Markov Modelling
Introduction
The reliability models explored in previous chapters assume independence between system components, meaning that the failure or repair of a component is not affected by what is going on with any other component. Consequently, the system failure state is expressed as a combination of component failures. For example, in a series system, if any component fails, then the system fails; in a parallel system, if all components fail, then the system fails. For these models, it is important to know the set of failed components; however, the order in which the components failed is not significant.
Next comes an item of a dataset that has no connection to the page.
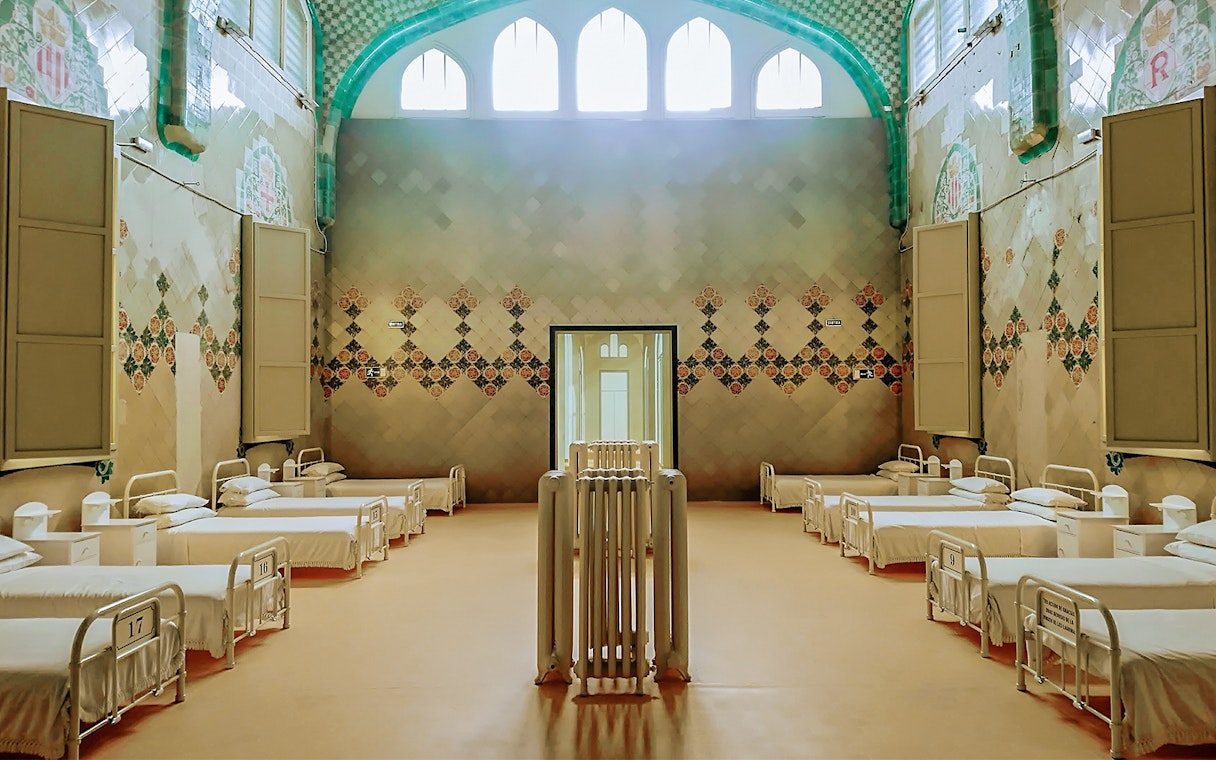 Hospital ward interior at Sant Pau Art Nouveau site, Barcelona, featuring ornate tile designs.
For complex systems that are modelled using Reliability Block Diagrams (RBDs) or Fault Trees, there may exist a set of component failure combinations that lead to a failed system state. In most cases, it is assumed that these component failures are independent, meaning that the failure of one component does not affect the failure times or behaviours of any other component. However, in shared load systems, the failure of a component can increase the load on other components, thereby increasing the failure rate of the system. In addition, a common cause failure, whose occurrence can lead to the failure of one or more components in the system, can arise. Examples of common cause failures include the loss of a common power supply, earthquakes, extreme weather conditions, etc..
Although the previous chapters provide formulas to compute such reliability-related measures as reliability, availability and MTTF for standby systems, they do not provide methods for deriving these equations. For example, in a system with cold standby components, components cannot fail in the standby mode, but they can fail when they are in operation. Thus, the failure rate (or failure time distribution) in these two modes are different. The time to keep the standby component in operation depends on the failure time of the active unit. This means that component failures depend on the failure times of other components. In such cases, components cannot be assumed to be statistically independent. In addition to considering the set of component failure states, the order in which components fail must be considered.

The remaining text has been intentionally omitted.